The Star Wars prequels tend to be divisive among longtime fans, to put it mildly. (Although George Lucas has sworn that viewers raised on them prefer them to the original trilogy.) But there’s one aspect of them most people can agree was solid: Ewan McGregor made for a fine, fiery, young-ish Obi-Wan Kenobi — at least after The Phantom Menace. So good news: Deadline has confirmed that the Scottish actor is in talks to return the role for an as-yet-untitled show on their forthcoming streaming service Disney+.
McGregor was in his late 20s when he first took the role, and it took him from a cult figure, primarily known for Trainspotting (and, among even cooler people, for Shallow Grave, Little Voice, and Velvet Goldmine, too), and made him a household name. The character, of course had been made iconic by Sir Alec Guinness, who earned an Oscar nomination for his soulful work in the original Star Wars and spent much of his life post-Obi-Wan doing things like telling young Star Wars fans they can have his autograph but only if they agree to never watch a Star Wars film again.
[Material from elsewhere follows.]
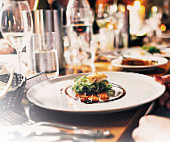 Marco Pierre White Steakhouse, Grill Lincoln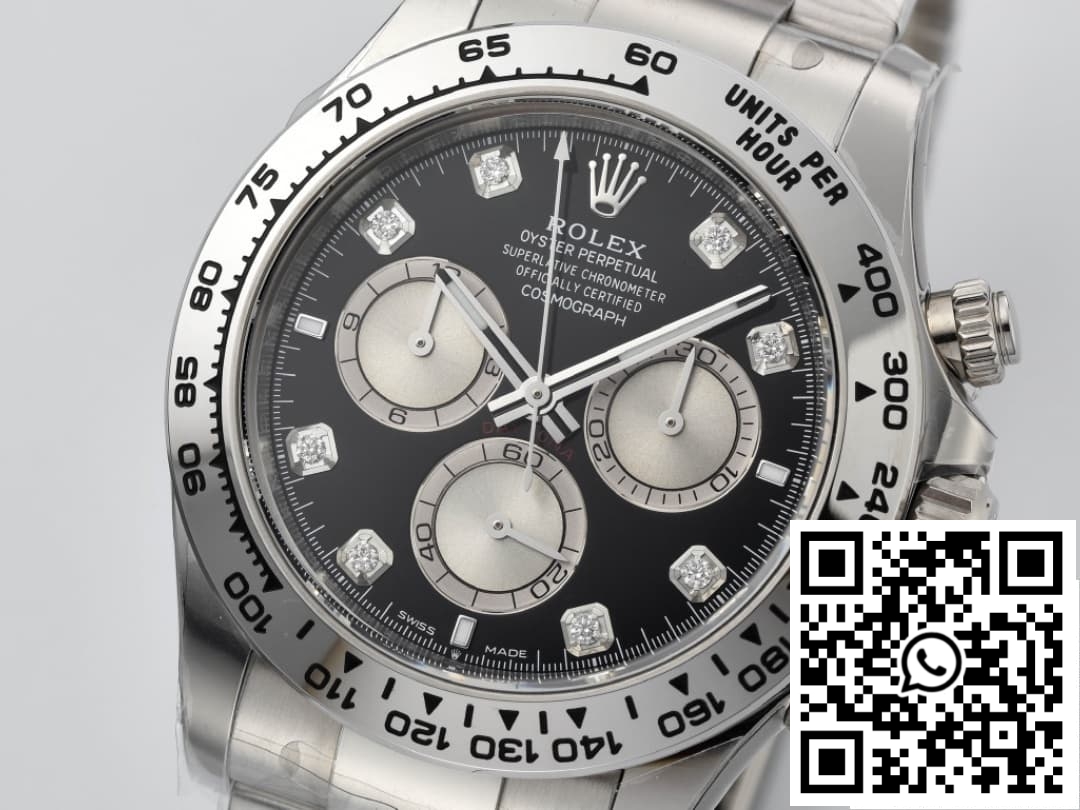 Replica Rolex Daytona M126509-0002 Clean Factory Chronograph Function 5 Replica Rolex Daytona M126509-0002 Clean Factory Chronograph Function 5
In The Phantom Menace, McGregor’s Obi-Wan was still green, an earnest and very serious apprentice to Liam Neeson’s soon-to-be-iced Qui-Gon Jinn. With Attack of the Clones and Revenge of the Sith, however, he stepped up his game, grew out his hair and a beard, and attacked the role with relish, revealing a capacity for amusing frustration. That turned tragic as his charge, one Anakin Skywalker (by then played by Hayden Christensen), was slowly seduced to the Dark Side.
There are no details on what this Disney+ show will be, if it will focus on a middle-aged Obi-Wan, much as T2 Trainspotting caught up with a middle-aged ex-junkie Mark Renton. But it will give the already-shooting The Mandalorian some company in the Star Wars TV-verse.
McGregor, of course, has had a rich and varied post-Star Wars career. Later this year, for instance, he’ll be in another sequel to a beloved classic, playing grown-up Danny Torrance in the Shining follow-up Doctor Sleep.